Confirman algunos especialistas que las desdichas de la crisis han elevado en un 50 por ciento la afluencia de pacientes a las consultas psiquiátricas y en un 22 por ciento los intentos de suicidio. Ahora se ve lo acertado que estuvo el Gobierno al crear hace año y pico un Observatorio de la Salud Mental en previsión de que los trabajadores pierdan la cabeza después de haber perdido el empleo.

Puede que estos sucesos inquieten a la población en general, pero a cambio no dejarán de proporcionar trabajo a psiquiatras y psicólogos, aun sin contar lo mucho que acaso mejoren las ventas de trankimazin y otras pócimas sedantes en las farmacias. Es la vieja teoría de las compensaciones. Donde algunos encuentran un problema -o en este caso, una recesión de caballo-, para otros se abre una oportunidad.
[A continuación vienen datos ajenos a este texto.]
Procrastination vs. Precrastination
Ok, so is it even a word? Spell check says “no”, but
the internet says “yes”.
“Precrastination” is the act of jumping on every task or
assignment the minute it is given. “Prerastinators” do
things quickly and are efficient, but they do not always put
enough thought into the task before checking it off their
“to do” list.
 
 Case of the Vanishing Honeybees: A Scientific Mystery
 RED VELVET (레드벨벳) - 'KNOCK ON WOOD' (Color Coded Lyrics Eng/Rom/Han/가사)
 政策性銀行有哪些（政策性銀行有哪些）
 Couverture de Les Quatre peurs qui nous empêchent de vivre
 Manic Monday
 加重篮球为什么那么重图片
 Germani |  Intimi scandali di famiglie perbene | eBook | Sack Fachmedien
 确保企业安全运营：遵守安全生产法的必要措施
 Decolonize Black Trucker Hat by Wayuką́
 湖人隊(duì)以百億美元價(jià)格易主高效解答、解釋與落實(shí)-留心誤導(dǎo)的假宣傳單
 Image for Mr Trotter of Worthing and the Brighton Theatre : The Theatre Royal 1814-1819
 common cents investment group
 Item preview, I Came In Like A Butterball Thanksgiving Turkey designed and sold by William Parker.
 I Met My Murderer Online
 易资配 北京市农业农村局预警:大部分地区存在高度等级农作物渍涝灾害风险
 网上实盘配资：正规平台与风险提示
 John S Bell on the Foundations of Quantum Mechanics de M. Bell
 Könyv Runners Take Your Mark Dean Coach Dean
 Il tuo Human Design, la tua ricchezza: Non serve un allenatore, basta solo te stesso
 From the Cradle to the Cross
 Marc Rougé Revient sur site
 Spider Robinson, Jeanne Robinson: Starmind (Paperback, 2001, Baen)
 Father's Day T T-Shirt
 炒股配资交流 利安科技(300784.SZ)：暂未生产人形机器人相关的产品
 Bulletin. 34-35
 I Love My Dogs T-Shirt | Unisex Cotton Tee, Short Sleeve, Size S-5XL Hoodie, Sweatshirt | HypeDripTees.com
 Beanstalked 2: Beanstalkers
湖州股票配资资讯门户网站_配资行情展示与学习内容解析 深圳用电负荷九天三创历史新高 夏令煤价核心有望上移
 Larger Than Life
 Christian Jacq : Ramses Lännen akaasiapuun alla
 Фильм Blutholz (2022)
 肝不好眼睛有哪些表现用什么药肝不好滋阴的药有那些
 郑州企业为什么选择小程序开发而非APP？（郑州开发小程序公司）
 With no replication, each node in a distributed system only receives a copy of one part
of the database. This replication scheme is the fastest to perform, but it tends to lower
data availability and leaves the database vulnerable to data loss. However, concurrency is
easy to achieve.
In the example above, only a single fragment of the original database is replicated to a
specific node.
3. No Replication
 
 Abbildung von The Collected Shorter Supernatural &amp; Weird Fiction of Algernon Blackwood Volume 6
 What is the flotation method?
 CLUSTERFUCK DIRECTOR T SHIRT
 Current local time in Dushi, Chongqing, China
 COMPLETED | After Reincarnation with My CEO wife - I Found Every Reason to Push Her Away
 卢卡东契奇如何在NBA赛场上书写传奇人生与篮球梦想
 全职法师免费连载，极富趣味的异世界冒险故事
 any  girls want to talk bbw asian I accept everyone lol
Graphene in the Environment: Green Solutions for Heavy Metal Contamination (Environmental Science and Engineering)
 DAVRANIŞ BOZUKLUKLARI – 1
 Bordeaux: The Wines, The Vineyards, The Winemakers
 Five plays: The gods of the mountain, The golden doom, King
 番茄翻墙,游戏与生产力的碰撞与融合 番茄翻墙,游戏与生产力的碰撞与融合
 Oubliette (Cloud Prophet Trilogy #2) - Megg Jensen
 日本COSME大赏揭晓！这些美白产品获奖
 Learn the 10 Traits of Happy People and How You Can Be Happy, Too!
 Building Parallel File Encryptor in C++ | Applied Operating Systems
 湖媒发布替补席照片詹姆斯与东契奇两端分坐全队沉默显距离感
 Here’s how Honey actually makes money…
Incluso las crisis pueden tener su lado bueno si uno las mira con los ojos positivos que cumplen al caso.

Ahí está, por ejemplo, la huelga en el Metro que estos días priva de su habitual medio de transporte a dos millones de madrileños. Los papeles y las televisiones, siempre dados a cargar las tintas, hablan de caos y se preguntan cómo es posible que unos pocos miles de huelguistas consigan paralizar una ciudad casi al completo. Tampoco es para ponerse así. Si observasen la cuestión desde un punto de vista más constructivo, no tardarían en admitir que la huelga -a pesar de las inevitables molestias- ha favorecido la práctica del ejercicio físico de los ciudadanos que, en su desesperación, optaron por acudir a pie a su lugar de faena. Todo lo cual ha de redundar, sin duda, en una mejora de la salud de los capitalinos.

Algo parecido ocurrió aquí en Galicia con la marea negra del “Prestige”. El chapapote desparramado sobre sus costas dejó más bien impracticables para los veraneantes las playas de este reino, además de echar por tierra el bien ganado prestigio gastronómico de nuestro marisco. Parecía que ya nunca íbamos a salir de aquella imparcial ruina del turismo y la pesca, pero una vez más la teoría de las compensaciones acabaría por sacarnos de apuros. La catástrofe ecológica -no muy diferente a las seis o siete anteriores- tuvo esta vez el virtuoso efecto de sensibilizar a la población sobre la necesidad de preservar los tesoros naturales del país. Tanto fue así que, pasados aquellos agobios, Galicia cuenta ahora con las playas más limpias de España y acaso de Europa, a juzgar por la lluvia de banderas azules que ha caído este año sobre nuestros arenales.

Si el “Prestige” nos trajo la desgracia -y con ella la concienciación- por vía marítima, años atrás fue una epidemia de vacas locas la que puso en jaque por tierra al populoso ramo ganadero del país. No pocos dueños de churrasquerías pensaron entonces en reconvertirse al marisco, pero no hubo necesidad de llegar a medidas tan extremas. Las vacas no tardaron en recuperar la cordura, con lo que se disipó rápidamente la aprensión de los consumidores que a día de hoy han convertido a la ternera de Galicia en una de las más demandadas de España, si no la más.

Vistos esos y otros muchos precedentes que podrían citarse, no hay razón alguna para pensar que la actual crisis económica vaya a durar por los siglos de los siglos, aun en el caso de que Zapatero siga prodigando sus ocurrencias durante una o dos legislaturas adicionales.

No hay mal que por bien no venga, según dijo en enigmática frase el general Franco cuando un comando de la ETA hizo volar por los aires a su entonces primer ministro Carrero Blanco. De momento, la crisis ha hecho bajar los precios además de inculcar a los españoles la ya casi olvidada virtud del ahorro. Si a ello se añaden las enormes posibilidades de ocio que nos deja el paro al proporcionarnos todo el tiempo libre del que hasta ahora no disponíamos, sólo los más cenizos insistirán en no ver el lado bueno de la recesión. Debieran hacer más caso al Gobierno.